In the cult of objective spiritual truth, it is vital to dissociate the muck of historical circumstance from the hard work of doing logical analysis. Post hoc ergo propter hoc* is what is known as “informal fallacy.” It refers to assumptions embedded in ordinary language. “I saw Johnny on the street just after the bus left the station” does not necessarily imply that Johnny took the bus from Bakersfield. If I needed to demonstrate that Johnny took the bus, of course I could just ask Johnny to show me his bus ticket, or search his pants pockets for the incriminating evidence, but then there is still the possibility that he might have picked up a ticket from a real passenger who’d dropped it on the sidewalk or had boarded the bus in Oakland and disembarked on 6th Street. Nothing is certain. But I am certain that the Roman church is pulling a fast one. They’re not showing the ticket from Bakersfield.


After all this you might think that I am actually interested in the pope’s infallible words. I'm not. I was curious that Benedict, recently of happy memory, said he was no oracle, but he could be given the proper conditions. Even John 23 said something to the effect that “I am infallible but you’re not going to hear it from me.” So these guys hold the authority of the oracle in their back pocket just in case. Meanwhile it has caused immense disruption and controversy across doctrinal Christianity. This interests me. The church is standing in its own way.


Why and how? I think that the “why” is self-evident. The “how” might require some digging, but let’s dig.


Avery Dulles became very conservative in his later years. I asked him why he supported this kind of centralized authority, and he said that his argument rested on the Ignatian principle of “Thinking with the Church.” I should have countered “even if that thinking is wrong?” But I didn’t.

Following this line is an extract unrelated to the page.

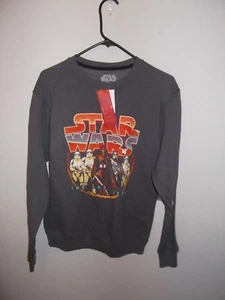 STAR WARS - MEN - SWEATSHIRT - GRAY / STAR WARS - SIZE SMALL    (BLK-88-13) - Picture 1 of 3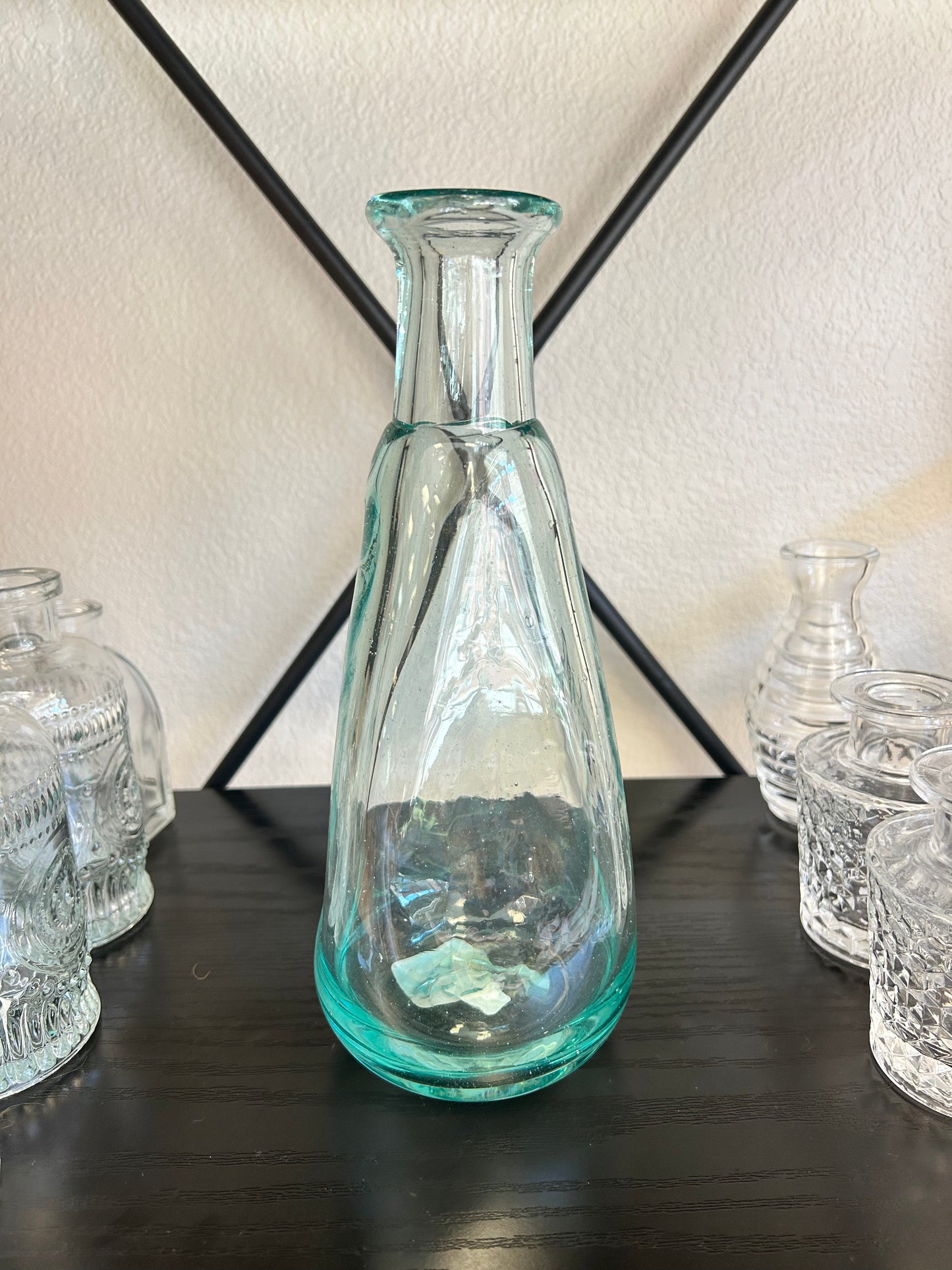 Glass Bottle Bud Vases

I was intimidated by the obligations of friendship and his red hat, but after John Paul 2 strongly reiterated the centralized power of papal authority, any further discussion was over as far as Avery was concerned.


This was not always the case. During a symposium about the Jesuits’ connection and promise to hitch their horses to the papal cart, a strategy that proved immensely successful, I asked a simple question: why? Avery said that despite everything, any problems or contradictions, we obeyed because of “filial piety.” That was enough. I then asked how we could support something or someone on a premise that was actually different from his understanding: how could we justify believing one thing when the person-in-question actually said something different about themselves? He reiterated his statement about filial piety, but later privately said, “I really didn’t answer your question did I?” He did not, and I cannot accept a pious notion of piety to guide us. Today I would phrase my question differently, “Why do people believe nonsense?” Usually because of laziness, or fear, or tradition, none of which are good reasons.


I am quite sure that we will never hear any infallible words from Francis. The question is whether or not the absurd travestry of papal monarchy will simply die off without being addressed directly. The opposition is gathering its forces to nullify any work by the upcoming synod.




*Post hoc ergo propter hoc (Latin: 'after this, therefore because of this') is an informal fallacy that states: "Since event Y followed event X, event Y must have been caused by event X." It is often shortened simply to post hoc fallacy. A logical fallacy of the questionable cause variety, it is subtly different from the fallacy cum hoc ergo propter hoc ('with this, therefore because of this'), in which two events occur simultaneously or the chronological ordering is insignificant or unknown. Post hoc is a logical fallacy in which one event seems to be the cause of a later event because it occurred earlier. [1]

Post hoc is a particularly tempting error because correlation sometimes appears to suggest causality. The fallacy lies in a conclusion based solely on the order of events, rather than taking into account other factors potentially responsible for the result that might rule out the connection.[2]

A simple example is "the rooster crows immediately before sunrise; therefore the rooster causes the sun to rise."[3]